> **EXERCISE DETAILS**
Where an entry below contains an image, skip the image and copy the rest exactly.

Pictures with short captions
------------------------------------------------------------------------
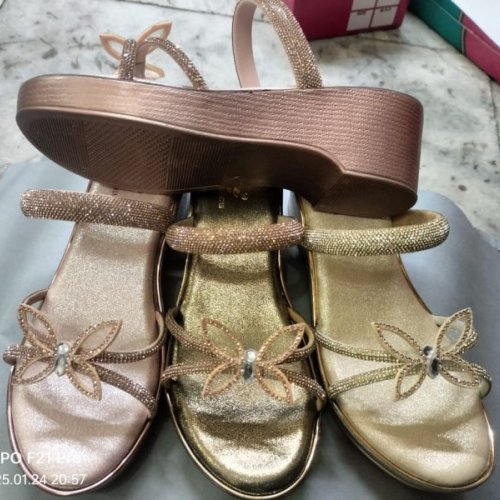 Butterfly Design Heel Ladies Sandal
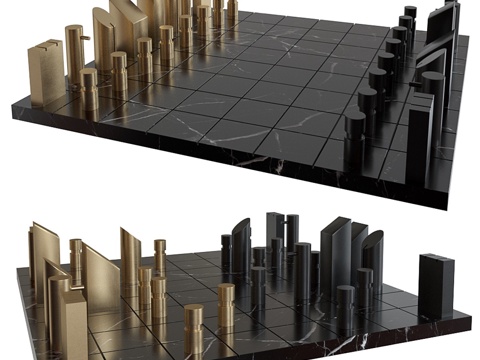  国际象棋3d模型 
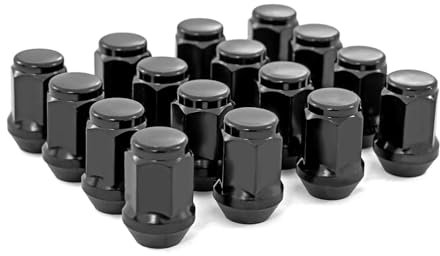 Rough Country 16-Piece Lug Nut Set - M10x1.25, Bulge Acorn Style, Black, Fits Most Aftermarket Wheels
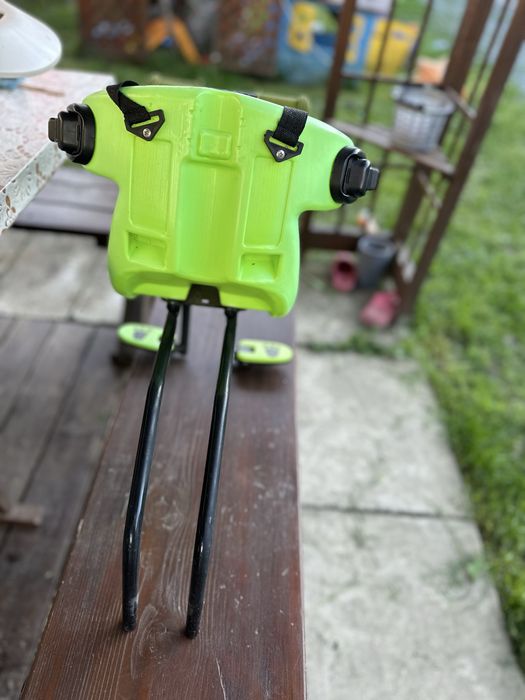 Scaun copii bicicleta, montare frontala, design cu manere, rosu, pentru 8-48 luni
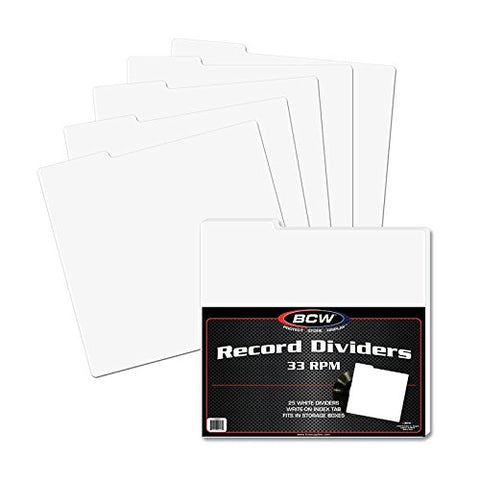 33 Rpm Record Dividers - 25 Dividers per Pack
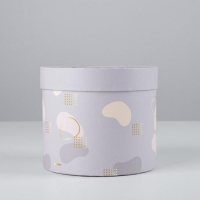 Коробка подарочная круглая, упаковка, &laquo;Нежный&raquo;, 14 х 16 см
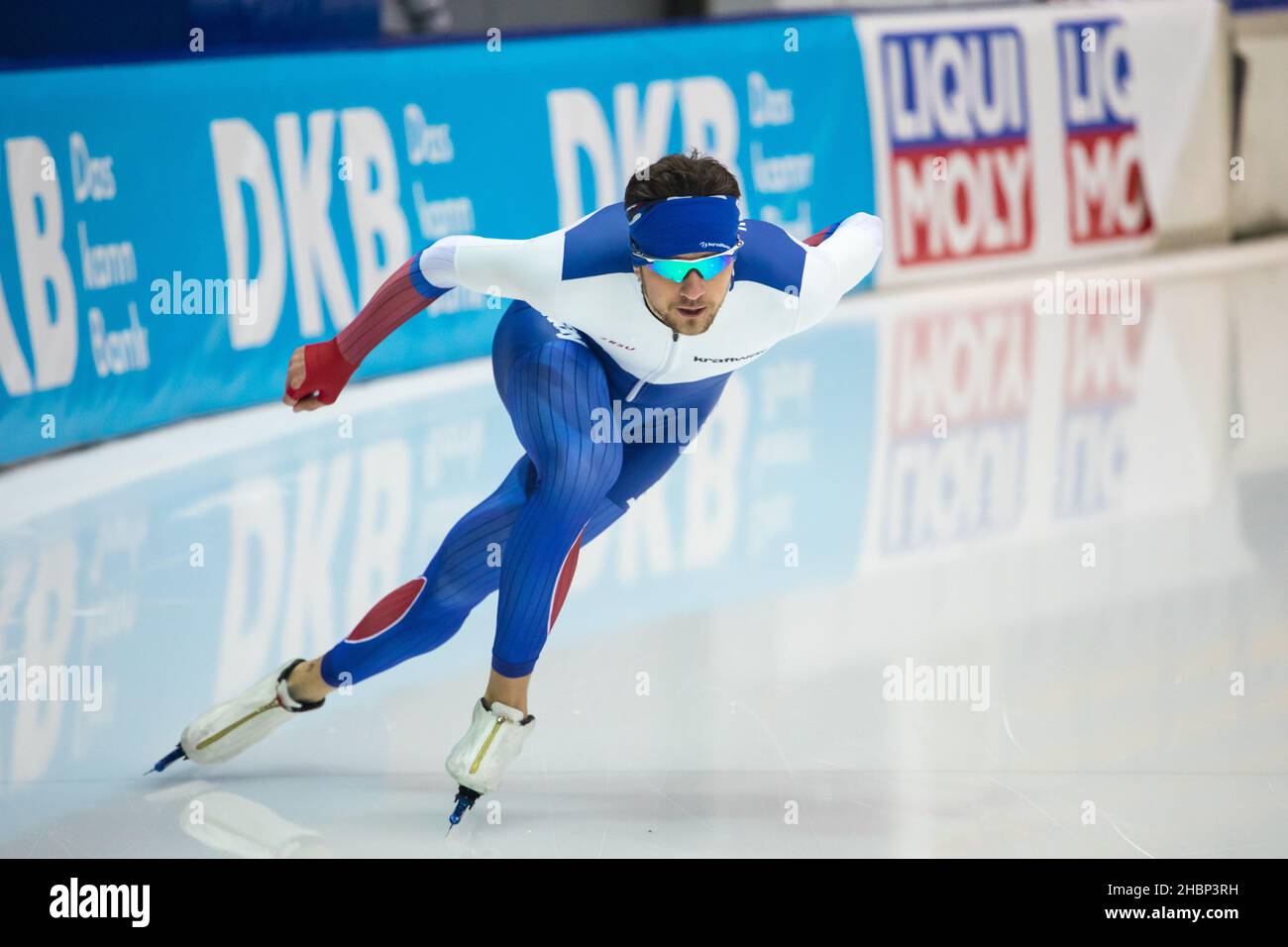 ISU European Speed Skating Championships. Athlete on ice. Classic speed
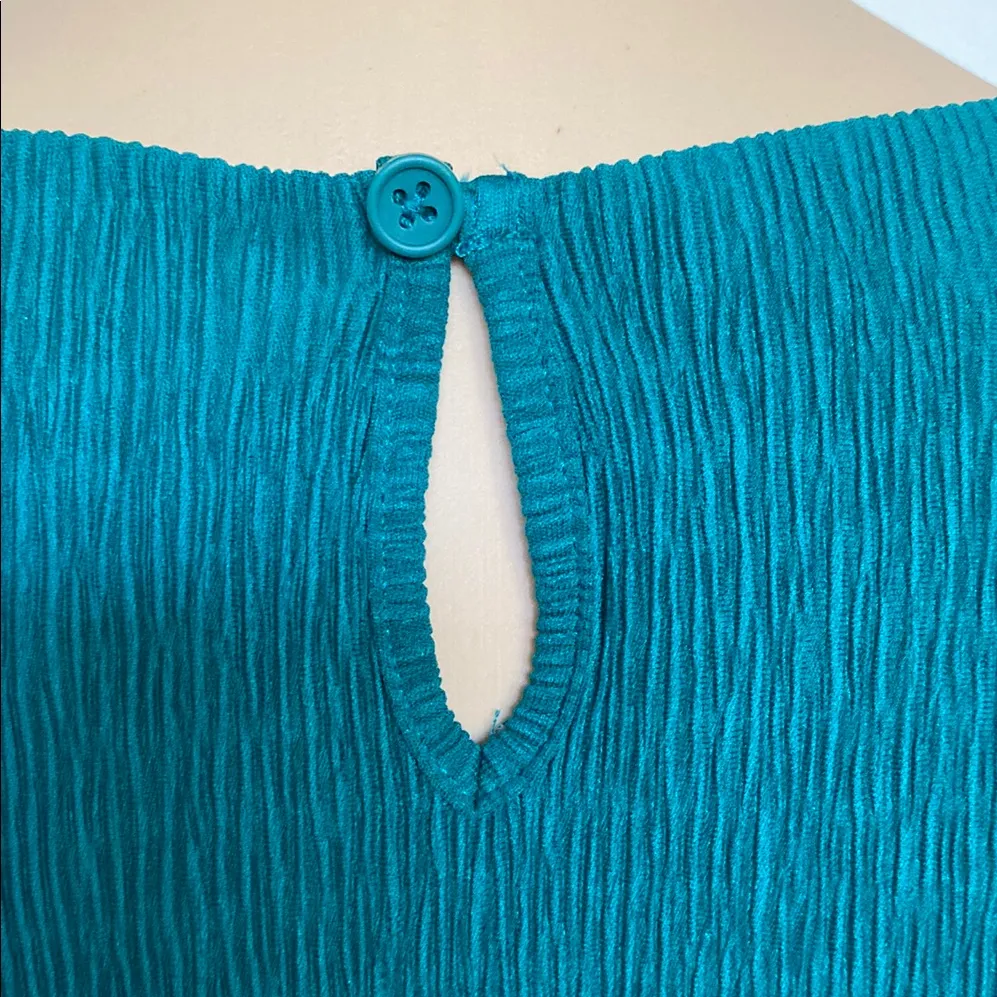 NWT Women's Nine West Texture Pleated Knit Top - Image 7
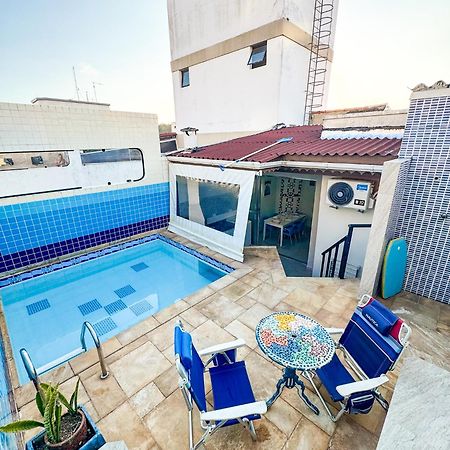 Cobertura 51 De 3 Quartos Com Piscina E Churrasqueira Privativa Guarujá Extérieur photo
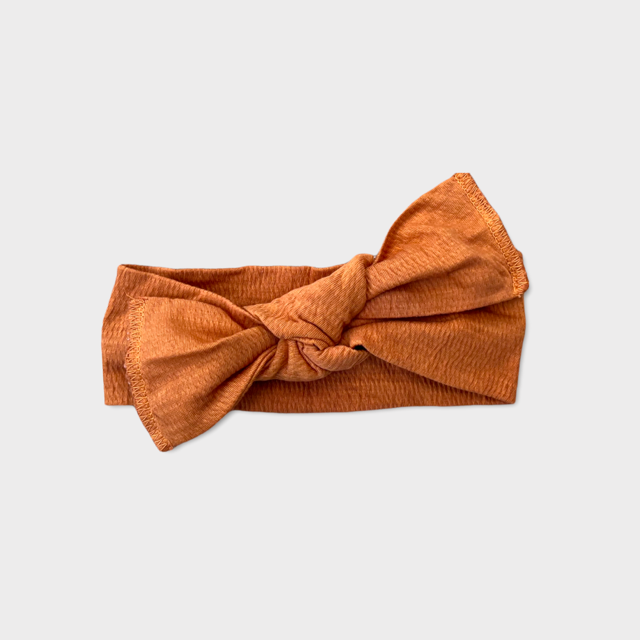 EG Organic Bow Knot -Rust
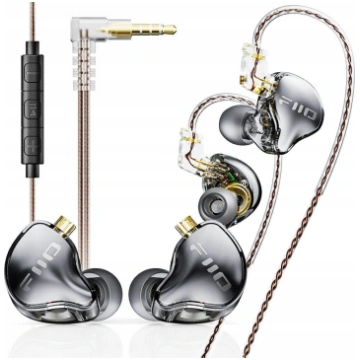 FiiO JD10 - transparent black - Dynamiczne monitor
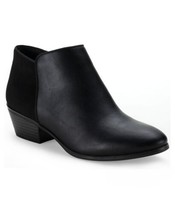 Style &amp; Co Womens Wileyy Ankle Booties, 6M, Black Micro - £54.40 GBP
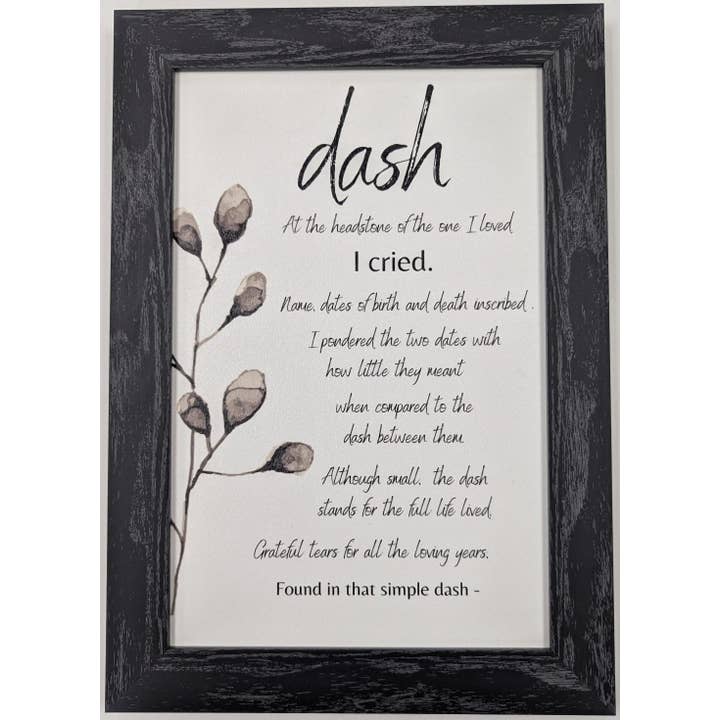 Dash - Bereavement Wall Art for wholesale by Roslyn Décor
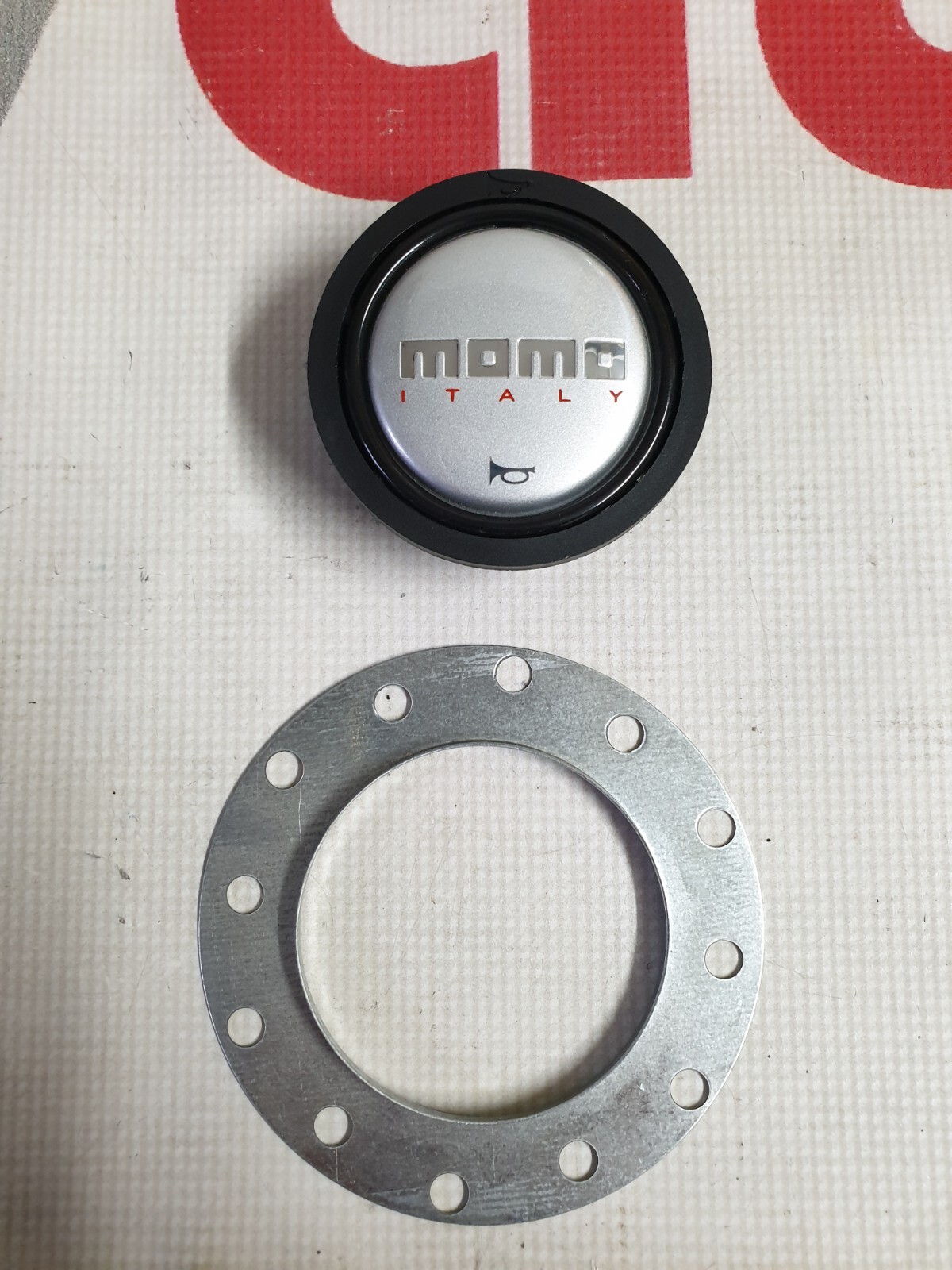 Original MOMO Hupenknopf silber Mit Schleifring Horn push button OEM ...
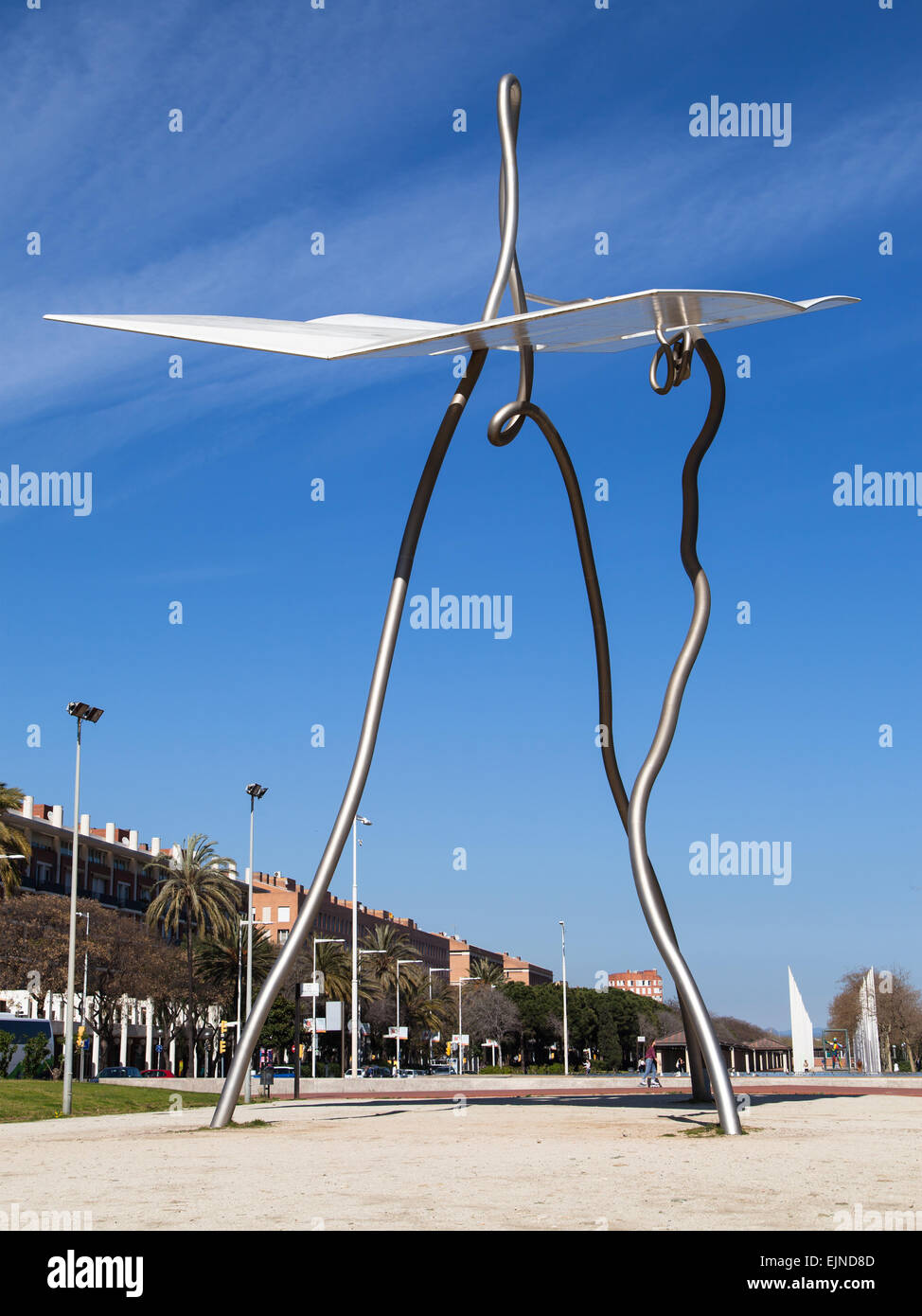David ich Goliat von Antoni Llena, Barcelona, Spanien. Stockfoto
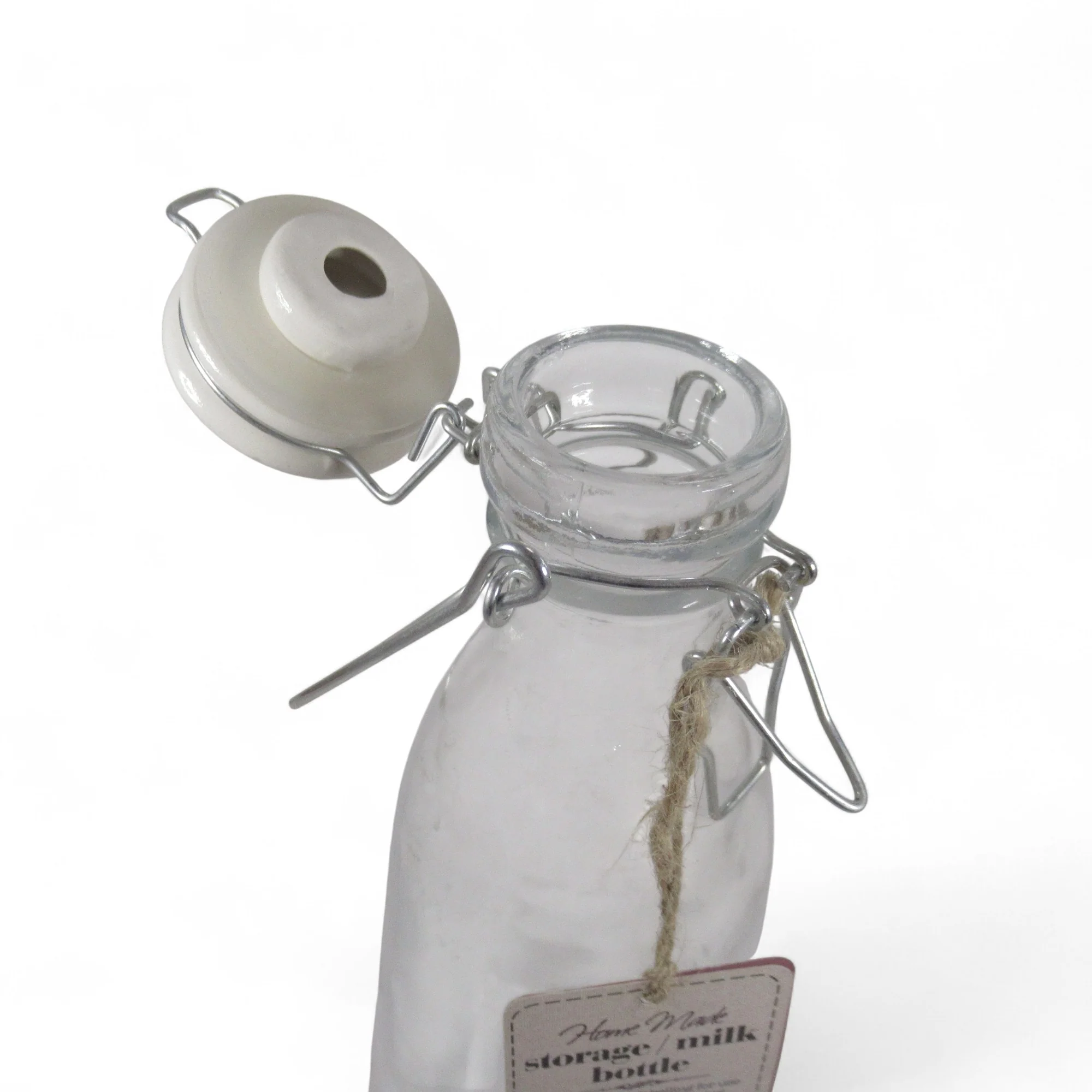 2x KitchenCraft Storage Milk Bottle 1 Litre 29cm Flip Lid | Pre-loved - Image 4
------------------------------------------------------------------------
> **WRITTEN REPLY**
 Butterfly Design Heel Ladies Sandal
  国际象棋3d模型 
 Rough Country 16-Piece Lug Nut Set - M10x1.25, Bulge Acorn Style, Black, Fits Most Aftermarket Wheels
 Scaun copii bicicleta, montare frontala, design cu manere, rosu, pentru 8-48 luni
 33 Rpm Record Dividers - 25 Dividers per Pack
 Коробка подарочная круглая, упаковка, &laquo;Нежный&raquo;, 14 х 16 см
 ISU European Speed Skating Championships. Athlete on ice. Classic speed
 NWT Women's Nine West Texture Pleated Knit Top - Image 7
 Cobertura 51 De 3 Quartos Com Piscina E Churrasqueira Privativa Guarujá Extérieur photo
 EG Organic Bow Knot -Rust
 FiiO JD10 - transparent black - Dynamiczne monitor
 Style &amp; Co Womens Wileyy Ankle Booties, 6M, Black Micro - £54.40 GBP
 Dash - Bereavement Wall Art for wholesale by Roslyn Décor
 Original MOMO Hupenknopf silber Mit Schleifring Horn push button OEM ...
David ich Goliat von Antoni Llena, Barcelona, Spanien. Stockfoto
 2x KitchenCraft Storage Milk Bottle 1 Litre 29cm Flip Lid | Pre-loved - Image 4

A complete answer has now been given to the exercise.